V- ESASIN İNCELENMESİ

Başvuru kararı ve ekleri, işin esasına ilişkin rapor, itiraz konusu kural, dayanılan Anayasa kuralları ve bunların gerekçeleri ile

diğer yasama belgeleri okunup incelendikten sonra gereği görüşülüp düşünüldü:

1- Kuralın Anlam ve Kapsamı

506 sayılı Yasanın 26. maddesinin itiraz konusu 1. fıkrasında, “İş kazası ve meslek hastalığı, işverenin kastı veya işçilerin sağlığını koruma

ve işgüvenliği ile ilgili mevzuat hükümlerine aykırı hareketi veyahut suç sayılabilir bir hareketi sonucu olmuşsa,

Kurumca sigortalıya veya hak sahibi kimselerine yapılan veya ileride yapılması gerekli bulunan her türlü giderlerin tutarları ile gelir bağlanırsa

bu gelirlerin 22 nci maddede belirtilen tarifeye göre hesaplanacak sermaye değerleri toplamı (…)Kurumca işverene ödettirilir.
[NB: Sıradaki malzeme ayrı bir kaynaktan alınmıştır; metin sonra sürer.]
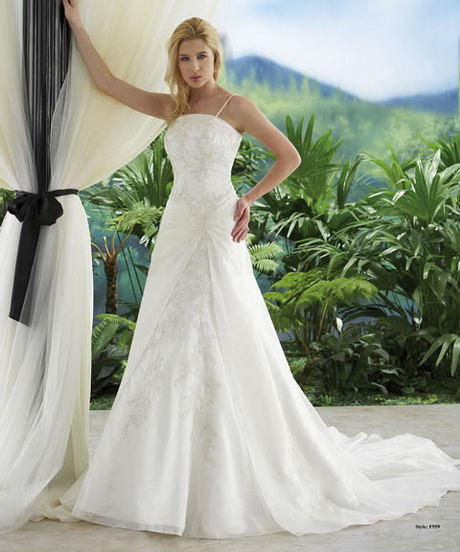 vestido-blanco-boda-23_8 Bijela vjenčanica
İşçi ve işveren sorumluluğunun tespitinde kaçınılmazlık ilkesi dikkate alınır.” kuralına yer verilmiştir.

Hizmet akdi ile bir işverene bağlı olarak çalışırken iş kazası geçiren veya meslek hastalığına maruz kalan sigortalı,

bundan dolayı meslekte kazanma gücünün en az % 10 veya daha fazlasını yitirecek şekilde bedence veya ruhça bir arızaya uğradığı takdirde,

506 sayılı Kanunun 19. maddesi uyarınca kendisine veya hak sahiplerine Kurumca gelir bağlanır. Buna karşılık,

sorumluların haksız fiili sebebiyle, bir zarara uğrayan Kurumun, 26. madde gereğince bu zararı işverenden geri almaya hakkı vardır.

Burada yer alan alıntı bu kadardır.